Results – Tower flux evaluations FIFE CLM simulated net radiation, sensible and ground heat flux reasonably well but underestimated the latent heat due to overestimation of runoff. CLM largely undersimulated the soil moisture content in the subsurface layer due to larger runoff and hence less infiltration. ABRACOS CLM in general overestimated the sensible heat and underestimated latent heat. The poor performance of CLM are attributed to the larger estimation of runoff and poor simulation of soil moisture content. HAPEX-Mobilhy CLM underestimated latent heat and overestimated sensible heat for the growing season. In the non-growing season CLM markedly overestimated bare ground evaporation and hence underestimated soil moisture. This underestimation led to the underestimation of evapotranspiration for the growing season. Valdai CLM underestimated seasonal peak evapotranspiration. Soil moisture contents were poorly simulated by CLM with lower peak value than observations.
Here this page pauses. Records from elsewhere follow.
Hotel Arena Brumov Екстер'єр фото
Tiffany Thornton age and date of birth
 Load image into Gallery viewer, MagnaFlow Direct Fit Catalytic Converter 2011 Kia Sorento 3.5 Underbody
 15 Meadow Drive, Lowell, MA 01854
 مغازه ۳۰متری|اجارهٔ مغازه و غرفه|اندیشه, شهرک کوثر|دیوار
Enhancement of CLM soil hydrology Upgraded CLM by incorporating the 3-layer VIC surface runoff and baseflow schemes into the 10-layer CLM In the time order during a model time step: Surface runoff is calculated based on the 3-layer VIC scheme; Infiltration is based on 10-layers (CLM layer scheme) using information for VIC layers interpolated to specified CLM layers; Soil evaporation, root-water-uptake and water redistribution (upward and downward), soil thermal states and fluxes are based on 10 CLM methodology layers

Evaluation of upgraded CLM The Upgraded CLM, into which VIC runoff parameterization is incorporated, performs significantly better than original CLM based on river basin and tower site evaluations. The Upgraded CLM requires 5 VIC parameters, which are transferable to CLM without massive calibration although some systematic adjustment may be required for some basins. Enhancement of the CLM snow model remains to be done.